While working on your Lens, you might have noticed that from the UI there is no option available to merge the filter conditions and create a filter logic. Even in the SAQL code generated upto this point, we can see that for the two filter conditions there are two separate filter statements.

In order to use both of the filter conditions in a single filter statement, you’ll have to modify the SAQL query in the Query Editor as follows :

q = load "DTC_Opportunity_SAMPLE";
q = filter q by 'Closed' == "false" && 'Account_Type' == "Customer";
q = group q by 'Stage';
q = foreach q generate q.'Stage' as 'Stage', avg(q.'Amount') as 'B';
q = order q by 'B' desc;
q = limit q 2000;

We’ve replaced the two filter statements by a single filter statement and the two filter conditions are used in a single filter logic. While building a filter logic you can use both && and and keywords for a AND logic. Similary both || and or keywords can be used for a OR logic.

Once the query is updated, click on Run Query button to see the query results. You can verify that the query with filter logic is actually the equivalent of our previous SAQL query and hence both queries return the same data.

SAQL query with filter logic in Query Editor

Switch to Chart Mode to see if any changes are made to the visualisation.

While the bar chart seems unchanged. There are minor changes in our Lens UI :

  1. In the Bar Length selection, the horizontal axis label and measure name the Avg of Amount label is replaced by B.
  2. We are no longer able to modify Bar Length and Bars selections. The existing selections can still be renamed / formatted, but we don’t see options to make new selections from UI.
  3. The Query Limit value is displayed as Default and is no longer editable.

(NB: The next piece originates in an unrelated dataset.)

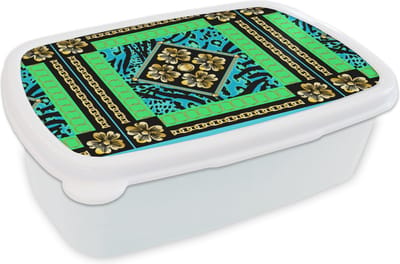 Broodtrommel Wit - Lunchbox - Brooddoos - Dierenprint - Bloemen - Ketting - Goud - Patroon - 18x12x6 cm - Volwassenen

Modified column name and truncate function

As of now in the B column, the values are stored with upto 2 decimal places. We will use trunc() function to truncate the values and keep only upto 1 decimal place. Also, let’s rename the column to Average Amount. Following is the code snippet I’ve used for these changes :

q = load "DTC_Opportunity_SAMPLE";
q = filter q by 'Closed' == "false" && 'Account_Type' == "Customer";
q = group q by 'Stage';
q = foreach q generate q.'Stage' as 'Stage', trunc(avg(q.'Amount'), 1) as 'Average Amount';
q = order q by 'Average Amount' desc;
q = limit q 2000;
B column is renamed to Average Amount. Values in Average Amount column truncated to 1 decimal place
Label B is updated to Average Amount in chart as well

To end this article, we will go through some date filters. The initial approach will remain the same where we first build a basic query using UI and then make necessary changes to the SAQL query using the Query Editor. You can close the current visualisation and create a new Lens using DTC Opportunity dataset.

Relative date filters

For your new Lens, perform the following steps from UI :

  1. Add Avg of Amount as a measure for Bar Length
  2. Remove Count of Rows measure
  3. Add Stage as a grouping for Bars
  4. Sort the data in descending order of Avg of Amount

Now, we will add a filter using Close Date column. Go ahead and click on ‘+’ option under filters tab to add a filter for Close Date.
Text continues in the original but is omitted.